EXERCISE:
In the material below, find the line with "Share Your Pics" and the line with "霍芬海姆迎战勒沃库森德甲焦点对决走势前瞻深度解析看点全面". Output exactly those two lines and all lines between them, leaving out pictures.

RECORD EXTRACTS:
● ● ●

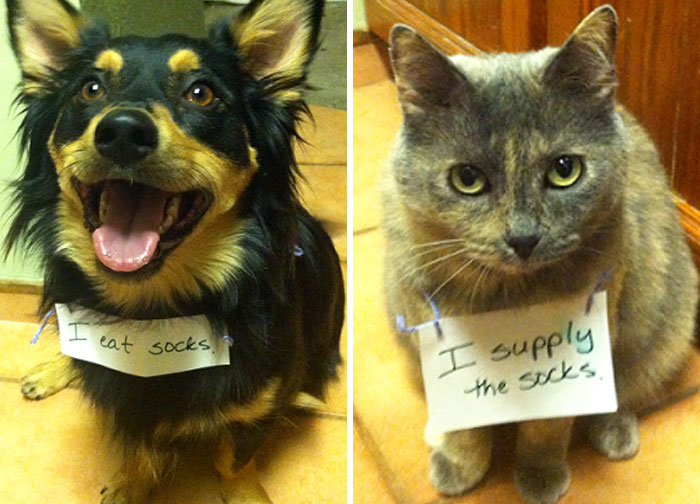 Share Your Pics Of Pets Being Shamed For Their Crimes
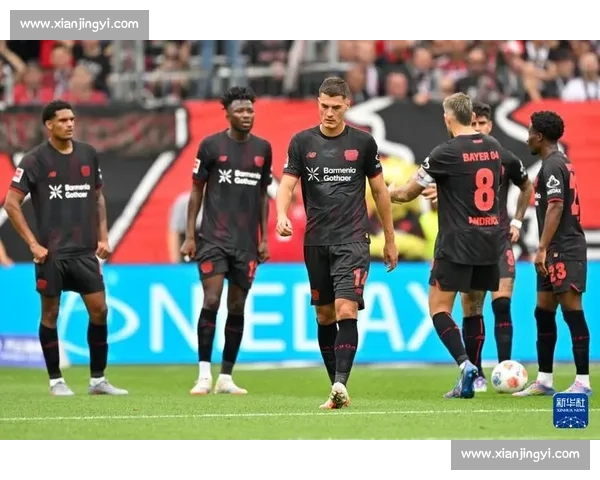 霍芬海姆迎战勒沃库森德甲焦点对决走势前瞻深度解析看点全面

● ● ●

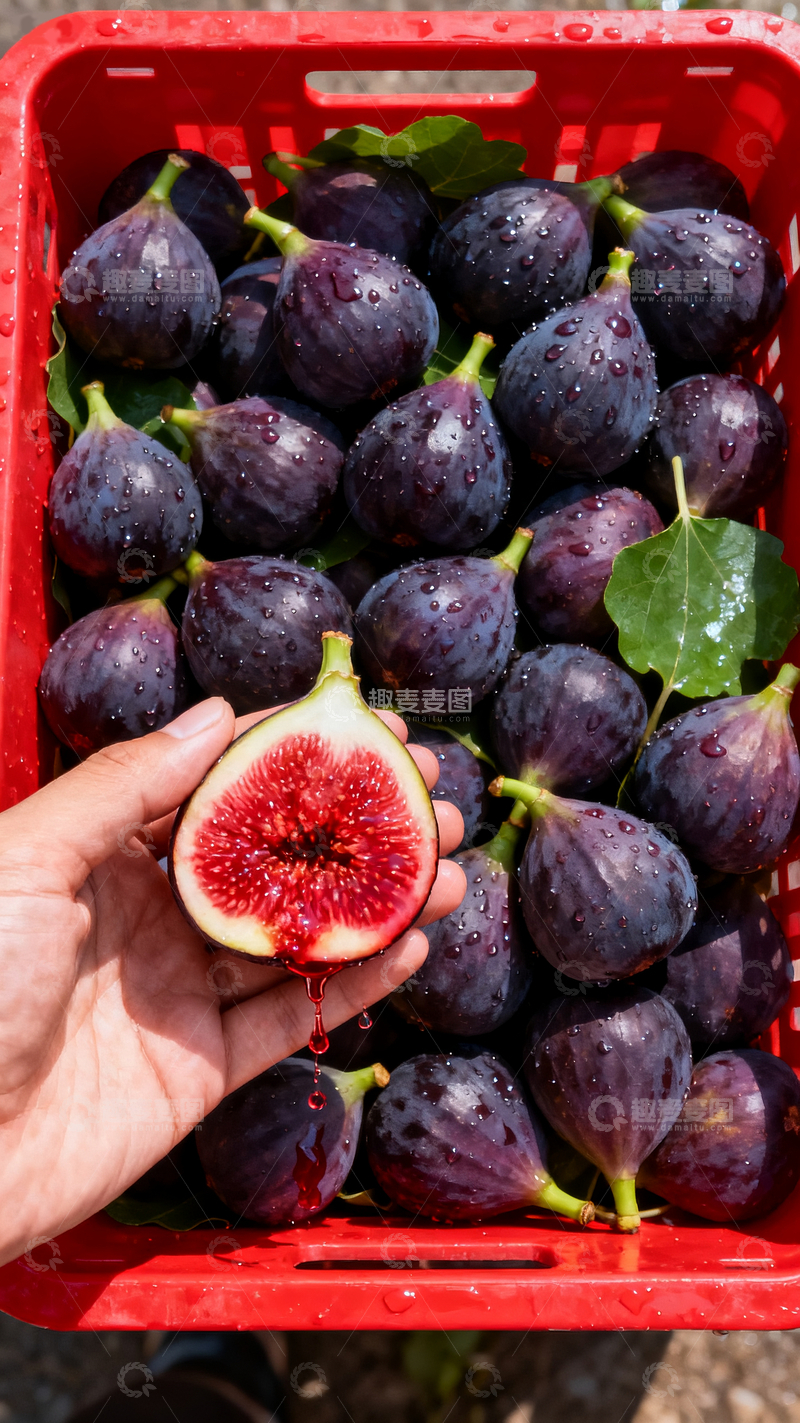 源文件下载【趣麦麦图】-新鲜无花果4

● ● ●

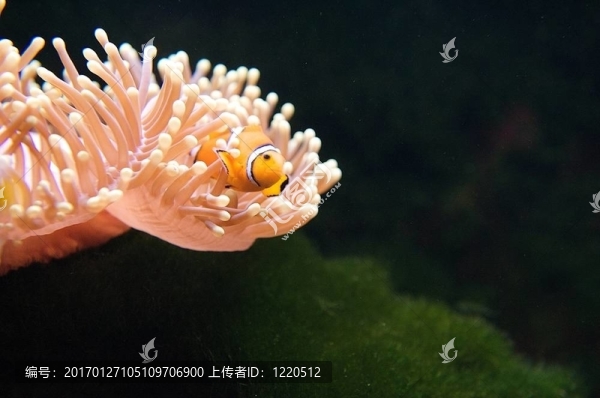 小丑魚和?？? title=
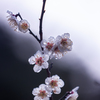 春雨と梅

● ● ●

FINAL ANSWER:
 Share Your Pics Of Pets Being Shamed For Their Crimes
 霍芬海姆迎战勒沃库森德甲焦点对决走势前瞻深度解析看点全面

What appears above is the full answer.